The state may not interfere in child rearing decisions when a fit parent is available. [Troxel v. Granville, 530 U.S. 57 (2000)]. A child has a constitutionally protected interest in the companionship and society of his or her parent. [Ward v. San Jose (9th Cir. 1992)]. A state employee (CPS social worker) who withholds a child from her family may infringe on the family’s liberty of familial association.
Dealing with Child Protective Services and due process.
Children may not be removed from their home by police officers or social workers without notice and a hearing unless the officials have a reasonable belief that the children were in imminent danger. [Ram v. Rubin, (9th Cir. 1997)]. Absent extraordinary circumstances, a parent has a liberty interest in familial association and privacy that cannot be violated without adequate pre-deprivation procedures. An exparte hearing based on misrepresentation and omission does not constitute notice and an opportunity to be heard. Procurement of an order to seize a child through distortion, misrepresentation and/or omission is a violation of the 4th Amendment. Police officers or social workers may not “pick up” a child without an investigation or court order, absent an emergency. Parental consent is required to take children for medical exams, or an overriding order from the court after parents have been heard. [Wallis v. Spencer, (9th Cir 1999)].
For purposes of the 4th Fourth Amendment, a “seizure” of a person is a situation in which a reasonable person would feel that he is not free to leave, and also either actually yields to a show of authority from police or social workers or is physically touched by police. Persons may not be “seized” without a court order or being placed under arrest. [California v. Hodari, 499 U.S. 621 (1991)].
Dealing with Child Protective Services and the social worker’s immunity.
The State of California cannot provide immunity from suit for Federal civil rights violations. State laws providing immunity from suit for child abuse investigators has no application to suits under § 1983. [Wallis v. Spencer, (9th Cir. 1999)]. Individuals aren’t immune for the results of their official conduct simply because they were enforcing policies or orders. Where a statute authorizes official conduct which is patently violation of fundamental constitutional principles, an officer who enforces that statute is not entitled to qualified immunity. [Grossman v. City of Portland, (9th Cir. (1994)]. Social workers investigating claims of child abuse are entitled only to qualified immunity. Assisting in the use of information known to be false in order to further an investigation is not subject to absolute immunity. Social workers are not entitled to qualified immunity on claims they deceived judicial officers in obtaining a custody order or deliberately or recklessly incorporated known falsehoods into their reports, criminal complaints and applications. Police officers are not entitled to absolute immunity, only qualified immunity, to claim that he caused plaintiff to be unlawfully arrested by presenting judge with an affidavit that failed to establish probable cause. [Malley v. Briggs, S.Ct. 1986)].

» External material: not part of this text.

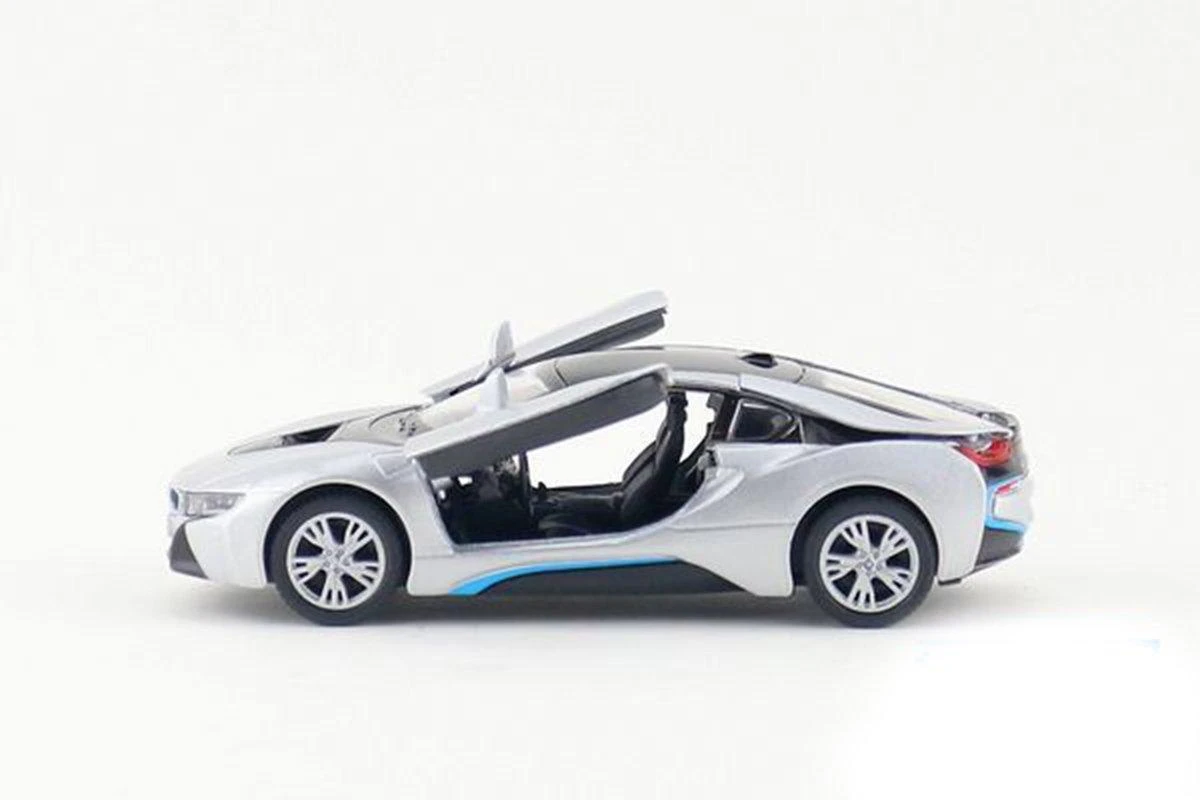 KINSMART automobilis BMW I8, 12 cm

Traditionally at common law, and still today, unemancipated minors lack some of the most fundamental rights of self-determination—including even the right of liberty in its narrow sense, i.e., the right to come and go at will. They are subject, even as to their physical freedom, to the control of their parents or guardians. [See Am Jur 2d, Parent and Child § 10 (1987).
Troxel v. Granville, 530 U.S. 57 (2000)].